In the 21st century what is meant by a “natural landscape”? What is it that makes a landscape special? How do the people who live, work and play in a particular area relate to It? What part do these landscapes play in the lives of those who live in more urban environments?
In the event of changes to the landscape brought about by significant climate change, how will people respond to any measures taken to help protect that landscape and its possible uses?
Thursday, 17 March 2011
I now realise that you have to take pot luck about the quality of image that some people experience when trying to watch the film. A slow internet connection really has a detrimental effect on the way the film is experienced. Playback can be improved by viewers of YouTube by clicking on the "360" button and changing it to "240" (directly underneath the video). This reduces the frame rate.
Technical difficulties aside, I want to use this short format to juxtapose city life (Brussels) with a rural town (Brecon) in order to highlight the difference in material wealth and convenience against what often seems a hard and much more physical existence , what herman de vries calls our primary reality.
Policies, such as the Common Agricultural Policy Reform are shaped and launched in the city. This policy encourages upland farmers to become environmental land managers rather than food producers, it also makes it more difficult for many small farming units to get any farming subsidies.

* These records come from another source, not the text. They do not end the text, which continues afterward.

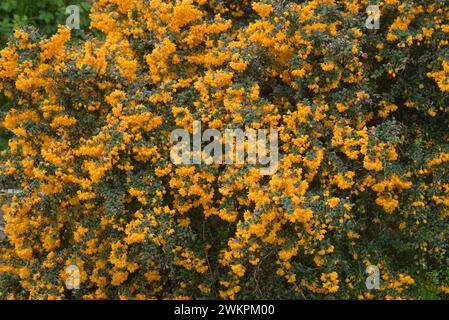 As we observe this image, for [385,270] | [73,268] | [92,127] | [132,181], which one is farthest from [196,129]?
[385,270]

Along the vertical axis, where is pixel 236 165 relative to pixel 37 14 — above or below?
below

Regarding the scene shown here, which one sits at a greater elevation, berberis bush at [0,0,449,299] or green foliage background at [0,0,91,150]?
green foliage background at [0,0,91,150]

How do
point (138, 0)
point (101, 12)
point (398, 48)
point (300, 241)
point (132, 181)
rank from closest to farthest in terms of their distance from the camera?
point (300, 241)
point (132, 181)
point (398, 48)
point (138, 0)
point (101, 12)

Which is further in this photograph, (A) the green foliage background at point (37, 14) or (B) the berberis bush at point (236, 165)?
(A) the green foliage background at point (37, 14)

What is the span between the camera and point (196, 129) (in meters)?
3.77

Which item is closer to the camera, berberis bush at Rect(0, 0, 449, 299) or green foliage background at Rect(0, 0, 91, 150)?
berberis bush at Rect(0, 0, 449, 299)

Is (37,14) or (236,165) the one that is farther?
(37,14)

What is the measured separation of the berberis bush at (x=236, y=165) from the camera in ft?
11.8

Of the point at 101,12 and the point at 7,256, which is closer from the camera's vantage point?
the point at 7,256

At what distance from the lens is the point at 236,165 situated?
11.8 feet

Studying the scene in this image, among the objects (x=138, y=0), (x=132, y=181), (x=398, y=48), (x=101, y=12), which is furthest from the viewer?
(x=101, y=12)

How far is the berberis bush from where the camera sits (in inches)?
142

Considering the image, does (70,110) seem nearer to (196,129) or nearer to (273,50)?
(196,129) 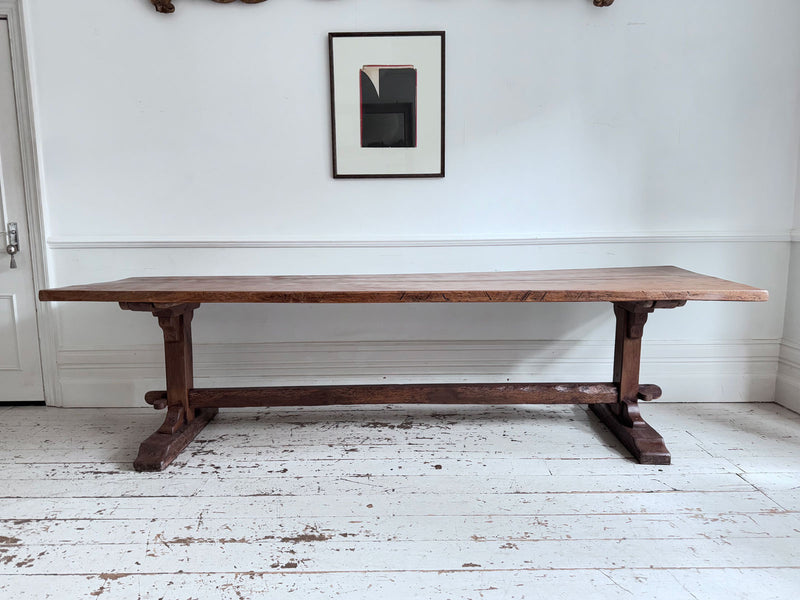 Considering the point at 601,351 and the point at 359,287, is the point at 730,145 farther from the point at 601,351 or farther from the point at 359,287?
the point at 359,287

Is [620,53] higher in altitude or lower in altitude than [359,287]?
higher

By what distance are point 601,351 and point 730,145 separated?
1211 millimetres

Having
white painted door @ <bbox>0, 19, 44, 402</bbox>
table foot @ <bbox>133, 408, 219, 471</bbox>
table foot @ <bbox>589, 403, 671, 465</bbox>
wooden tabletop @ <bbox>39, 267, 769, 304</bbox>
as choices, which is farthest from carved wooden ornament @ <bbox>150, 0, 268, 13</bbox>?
table foot @ <bbox>589, 403, 671, 465</bbox>

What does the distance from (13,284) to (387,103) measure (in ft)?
7.03

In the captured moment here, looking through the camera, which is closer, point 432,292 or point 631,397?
point 432,292

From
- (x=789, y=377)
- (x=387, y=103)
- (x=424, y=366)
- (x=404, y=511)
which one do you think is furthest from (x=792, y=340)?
(x=387, y=103)

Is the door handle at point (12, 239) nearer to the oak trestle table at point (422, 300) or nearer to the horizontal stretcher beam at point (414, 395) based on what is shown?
the oak trestle table at point (422, 300)

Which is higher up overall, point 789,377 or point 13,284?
point 13,284

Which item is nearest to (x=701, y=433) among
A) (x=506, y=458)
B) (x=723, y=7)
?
(x=506, y=458)

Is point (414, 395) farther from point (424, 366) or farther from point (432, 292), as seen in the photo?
point (432, 292)

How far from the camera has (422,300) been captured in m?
1.85

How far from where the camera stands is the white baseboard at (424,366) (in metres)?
2.77

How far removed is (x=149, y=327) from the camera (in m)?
2.76

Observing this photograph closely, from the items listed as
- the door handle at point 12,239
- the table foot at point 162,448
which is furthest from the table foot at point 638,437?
the door handle at point 12,239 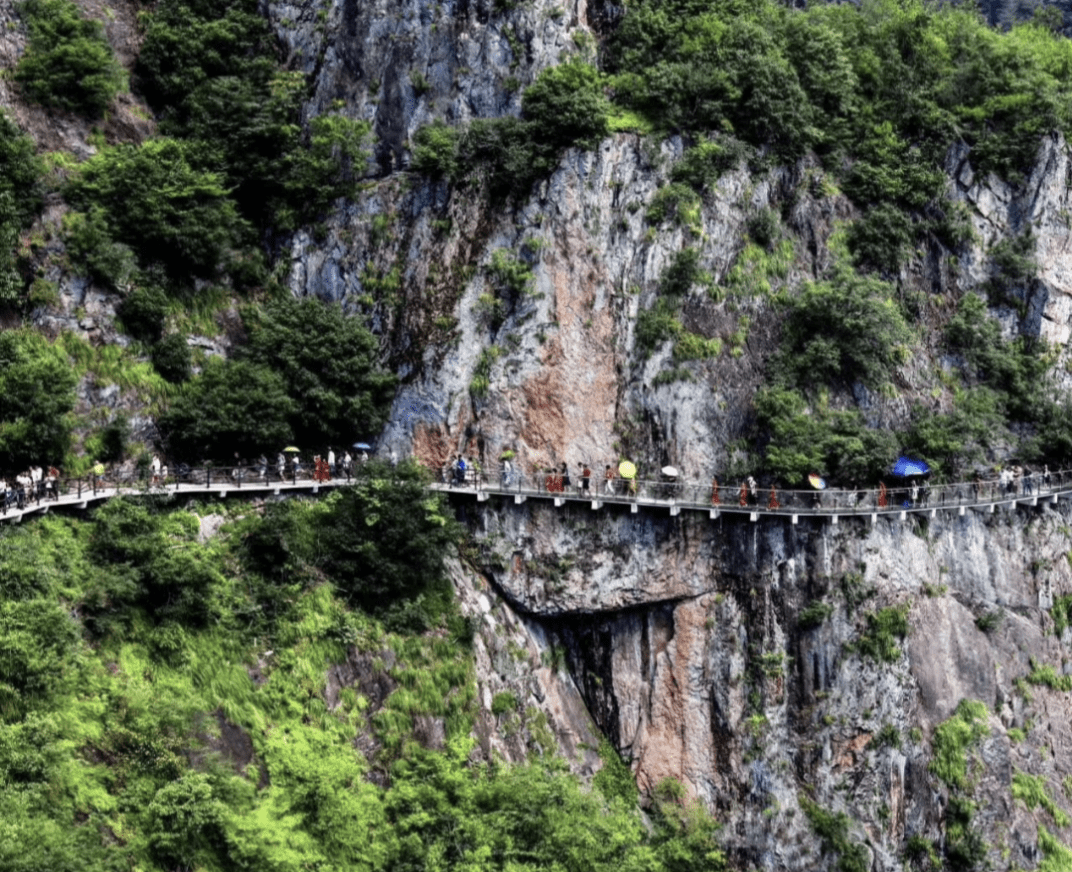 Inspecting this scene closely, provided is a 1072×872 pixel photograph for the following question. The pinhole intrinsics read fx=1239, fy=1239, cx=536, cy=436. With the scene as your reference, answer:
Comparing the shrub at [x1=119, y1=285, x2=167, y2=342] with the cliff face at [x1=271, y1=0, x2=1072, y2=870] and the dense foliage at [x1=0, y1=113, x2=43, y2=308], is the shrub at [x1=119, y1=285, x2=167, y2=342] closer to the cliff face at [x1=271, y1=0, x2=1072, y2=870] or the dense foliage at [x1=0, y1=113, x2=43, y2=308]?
the dense foliage at [x1=0, y1=113, x2=43, y2=308]

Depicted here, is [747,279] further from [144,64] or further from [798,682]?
[144,64]

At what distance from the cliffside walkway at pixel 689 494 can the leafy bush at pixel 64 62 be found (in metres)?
16.1

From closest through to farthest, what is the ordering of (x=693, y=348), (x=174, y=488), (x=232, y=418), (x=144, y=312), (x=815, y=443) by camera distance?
(x=174, y=488) → (x=232, y=418) → (x=815, y=443) → (x=144, y=312) → (x=693, y=348)

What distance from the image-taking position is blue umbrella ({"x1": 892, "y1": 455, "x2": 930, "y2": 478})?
39.8 meters

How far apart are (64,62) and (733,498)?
27937mm

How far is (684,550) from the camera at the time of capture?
39438 millimetres

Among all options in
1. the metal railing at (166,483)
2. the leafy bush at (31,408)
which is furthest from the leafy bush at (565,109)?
the leafy bush at (31,408)

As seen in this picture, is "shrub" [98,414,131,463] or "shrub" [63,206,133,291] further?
"shrub" [63,206,133,291]

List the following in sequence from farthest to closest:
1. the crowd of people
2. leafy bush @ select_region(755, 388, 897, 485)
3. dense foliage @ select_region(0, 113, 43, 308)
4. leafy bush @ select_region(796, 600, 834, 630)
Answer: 1. leafy bush @ select_region(755, 388, 897, 485)
2. dense foliage @ select_region(0, 113, 43, 308)
3. leafy bush @ select_region(796, 600, 834, 630)
4. the crowd of people

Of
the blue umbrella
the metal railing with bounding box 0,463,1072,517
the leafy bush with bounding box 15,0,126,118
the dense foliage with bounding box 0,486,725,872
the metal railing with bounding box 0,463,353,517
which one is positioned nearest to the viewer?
the dense foliage with bounding box 0,486,725,872

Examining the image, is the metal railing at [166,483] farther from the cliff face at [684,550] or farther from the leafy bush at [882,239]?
the leafy bush at [882,239]

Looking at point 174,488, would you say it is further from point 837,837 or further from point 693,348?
point 837,837

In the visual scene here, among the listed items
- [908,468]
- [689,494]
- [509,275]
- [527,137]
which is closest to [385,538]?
[689,494]

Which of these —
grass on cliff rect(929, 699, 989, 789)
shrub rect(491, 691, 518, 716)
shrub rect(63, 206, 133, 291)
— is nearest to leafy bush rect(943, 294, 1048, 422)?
grass on cliff rect(929, 699, 989, 789)
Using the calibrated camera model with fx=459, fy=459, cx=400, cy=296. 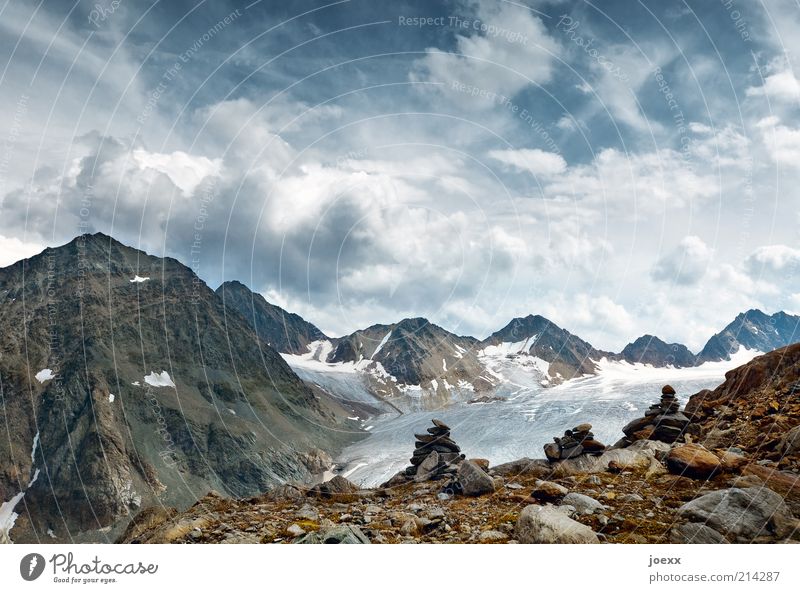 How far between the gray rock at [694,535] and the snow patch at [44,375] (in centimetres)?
23815

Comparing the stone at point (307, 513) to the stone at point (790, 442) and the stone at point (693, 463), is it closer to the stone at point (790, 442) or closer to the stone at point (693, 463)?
the stone at point (693, 463)

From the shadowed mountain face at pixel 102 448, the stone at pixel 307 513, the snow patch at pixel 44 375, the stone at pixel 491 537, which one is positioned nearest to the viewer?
the stone at pixel 491 537

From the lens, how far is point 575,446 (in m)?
25.1

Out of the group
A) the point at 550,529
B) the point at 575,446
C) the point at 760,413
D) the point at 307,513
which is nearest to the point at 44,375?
the point at 307,513

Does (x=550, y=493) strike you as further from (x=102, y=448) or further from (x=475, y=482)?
(x=102, y=448)

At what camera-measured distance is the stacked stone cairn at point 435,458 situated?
26.3m

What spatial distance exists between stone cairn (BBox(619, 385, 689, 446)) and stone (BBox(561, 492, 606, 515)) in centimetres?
1360

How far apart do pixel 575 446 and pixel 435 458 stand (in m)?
8.34

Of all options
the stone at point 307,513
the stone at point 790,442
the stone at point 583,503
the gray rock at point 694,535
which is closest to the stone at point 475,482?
the stone at point 583,503

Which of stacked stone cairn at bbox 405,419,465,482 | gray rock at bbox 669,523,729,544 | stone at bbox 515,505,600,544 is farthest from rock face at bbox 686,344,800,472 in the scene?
stacked stone cairn at bbox 405,419,465,482

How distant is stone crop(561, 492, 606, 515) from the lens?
1285 centimetres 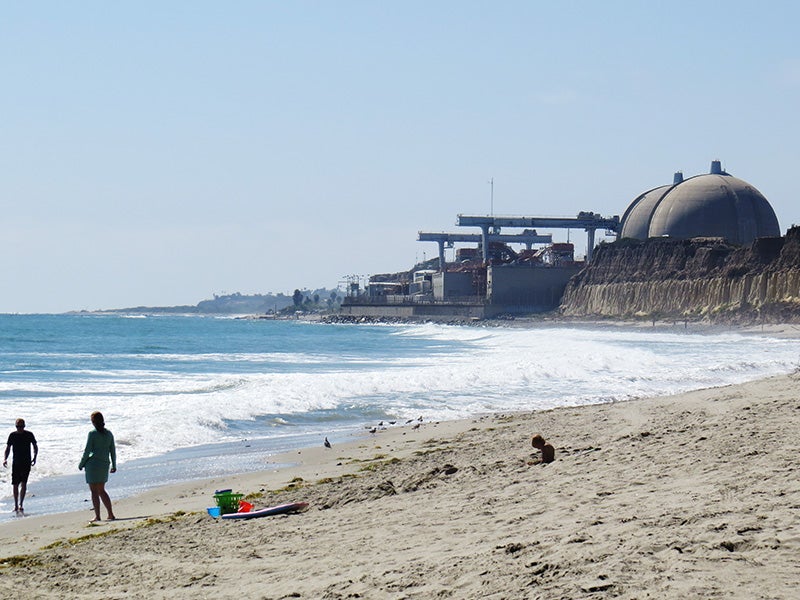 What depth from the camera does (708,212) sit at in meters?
114

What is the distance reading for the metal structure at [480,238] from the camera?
445 feet

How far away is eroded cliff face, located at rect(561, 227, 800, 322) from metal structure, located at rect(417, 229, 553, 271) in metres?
17.4

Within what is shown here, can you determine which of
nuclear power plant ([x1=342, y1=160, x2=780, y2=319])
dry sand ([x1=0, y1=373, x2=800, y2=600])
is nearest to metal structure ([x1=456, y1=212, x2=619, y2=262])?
nuclear power plant ([x1=342, y1=160, x2=780, y2=319])

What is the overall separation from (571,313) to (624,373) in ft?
260

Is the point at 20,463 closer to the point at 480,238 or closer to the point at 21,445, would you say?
the point at 21,445

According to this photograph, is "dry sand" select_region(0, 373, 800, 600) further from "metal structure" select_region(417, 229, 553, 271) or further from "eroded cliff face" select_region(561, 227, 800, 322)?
"metal structure" select_region(417, 229, 553, 271)

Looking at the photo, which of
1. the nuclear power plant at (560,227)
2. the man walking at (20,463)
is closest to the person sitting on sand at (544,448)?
the man walking at (20,463)

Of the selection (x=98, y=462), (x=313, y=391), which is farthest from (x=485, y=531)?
(x=313, y=391)

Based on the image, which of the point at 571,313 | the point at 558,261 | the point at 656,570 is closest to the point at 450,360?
the point at 656,570

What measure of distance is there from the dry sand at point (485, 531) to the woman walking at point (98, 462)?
11.6 inches

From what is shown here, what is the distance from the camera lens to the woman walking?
10.7m

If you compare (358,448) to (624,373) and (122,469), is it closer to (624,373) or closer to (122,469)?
(122,469)

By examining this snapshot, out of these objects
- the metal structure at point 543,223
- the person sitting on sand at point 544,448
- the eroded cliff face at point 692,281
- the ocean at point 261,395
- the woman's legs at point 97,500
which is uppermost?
the metal structure at point 543,223

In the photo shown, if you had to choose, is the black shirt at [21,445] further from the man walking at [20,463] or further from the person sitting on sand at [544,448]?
the person sitting on sand at [544,448]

City dwellers depend on good air and water quality, increased biodiversity benefits us all. The high carbon life style of the city can “carry on as before” only if there are places in the world such as the uplands and particularly the peat bogs to help offset their activities.
The conundrum is that human beings all want.
The city dweller likes to dip into the “idea” of the country way of life whilst the country dweller, particularly the young, would like a little more of the bright lights and SHOPS!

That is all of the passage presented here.